Empresas também anunciaram que não mais venderão a mercadoria confederada.
Existe
uma reação em cadeia no país contra penduricalhos e estátuas da era
confederada. Motivo para orgulho da herança? Como reconheceu na terça-feira o
senador estadual republicano na Carolina do Sul, Paul Thurmond, “nossos ancestrais
estavam literalmente lutando para manter seres humanos como escravos. Eu não me
orgulho desta herança”.
A bandeira hoje é uma declaração de resistência contra avanços
raciais. A Carolina do Sul foi o primeiro estado a deixar a União em 1860. A
população do estado nos últimos dias se rebelou contra o racismo e deu um
comovente exemplo de solidariedade às vítimas do massacre. O rapaz supremacista
queria gerar desunião. Matou nove pessoas, mas, sorry pelo trocadilho, em termos de impacto
o tiro saiu pela culatra. O gesto das famílias das vítimas de oferecer perdão
ao assassino foi simplesmente pungente.
Nas
franjas da sociedade americana, ainda existe racismo acintoso e violento.

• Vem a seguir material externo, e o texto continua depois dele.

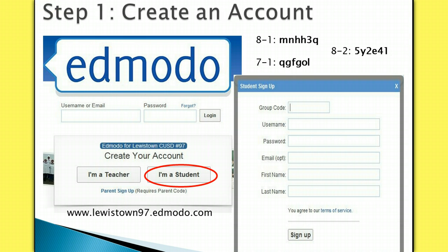At the conclusion of this video, create your Edmodo account or sign in to your existing account. Once you are logged in to an Edmodo account, begin watching the Scavenger Hunt Step 2 video.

É verdade que tem crescido nos últimos 15 anos com a mobilização do
movimento supremacista branco, mas agora foi esta reação de um país unido no
luto e na indignação. E para onde vamos? Espírito bipartidário e solidariedade
nacional são bandeiras raramente desfraldadas nos Estados Unidos da América,
país também conhecido como Tribos Desunidas da América.
É a
polarização familiar dentro da nação. Claro que se cutuca de um lado para o outro.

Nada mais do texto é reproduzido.